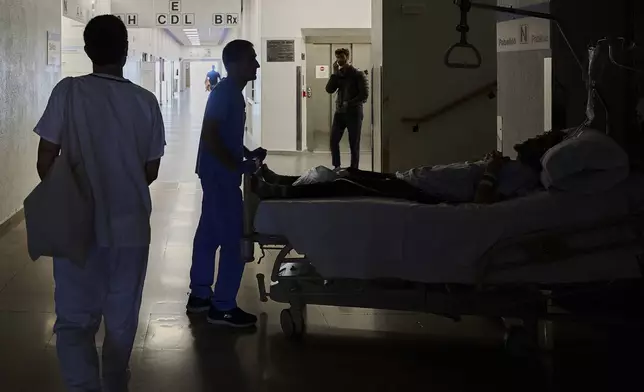 A medical staffer relocates a patient during a nationwide power outage in Pamplona, northern Spain, Monday, April 28, 2025. (AP Photo/Miguel Oses)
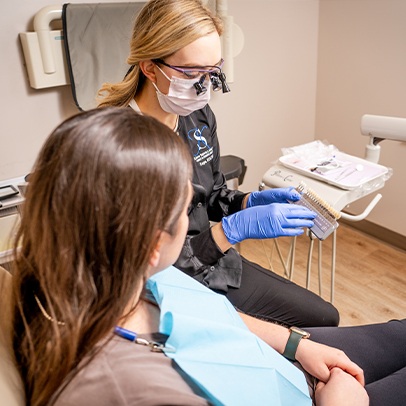 Dental team member and patient looking at tooth color chart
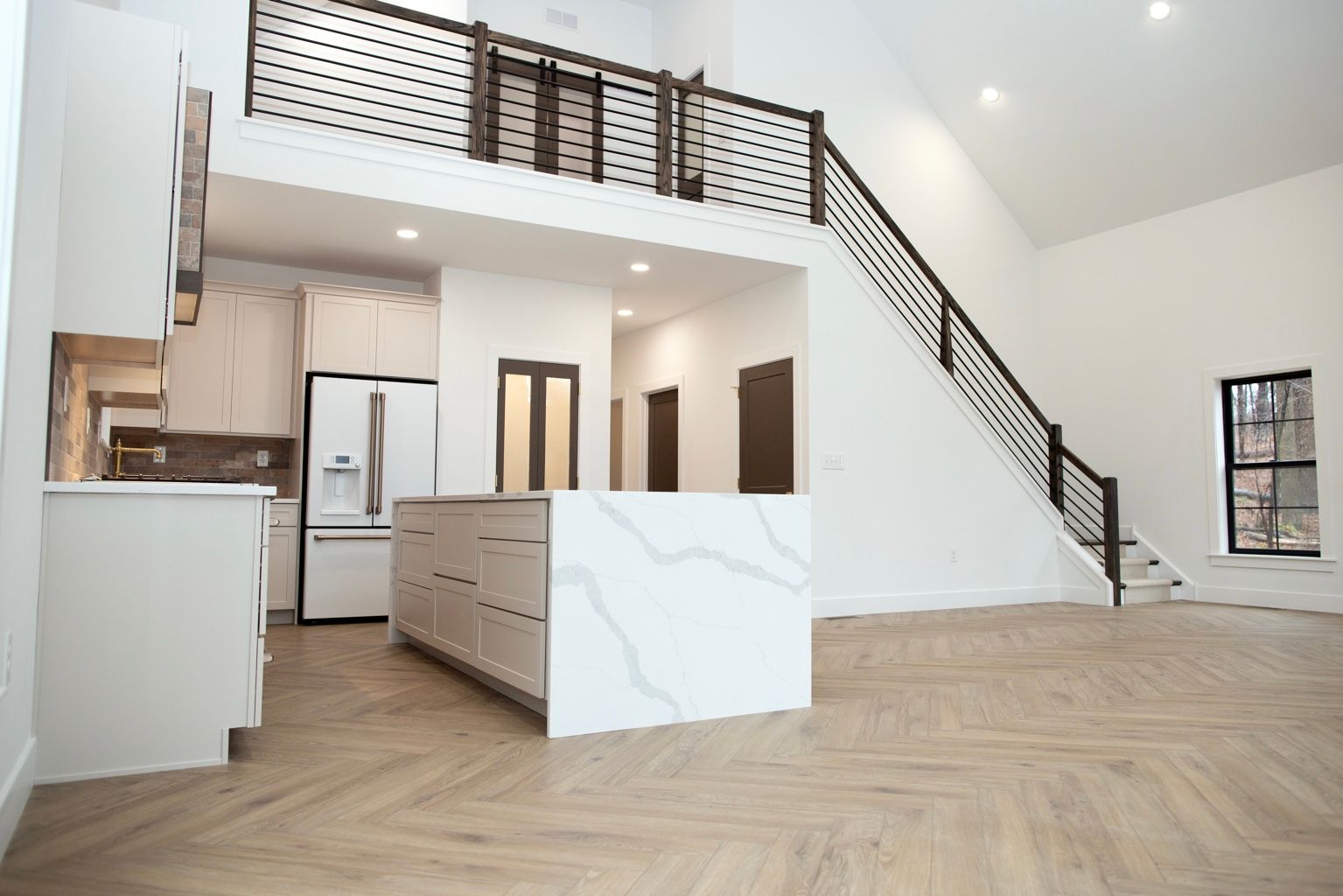 Completed custom home interior with a loft, staircase, and kitchen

Try it: Your response must reproduce every line of the data exactly, with images omitted.

Exercise answer:
 A medical staffer relocates a patient during a nationwide power outage in Pamplona, northern Spain, Monday, April 28, 2025. (AP Photo/Miguel Oses)
 Dental team member and patient looking at tooth color chart
 Completed custom home interior with a loft, staircase, and kitchen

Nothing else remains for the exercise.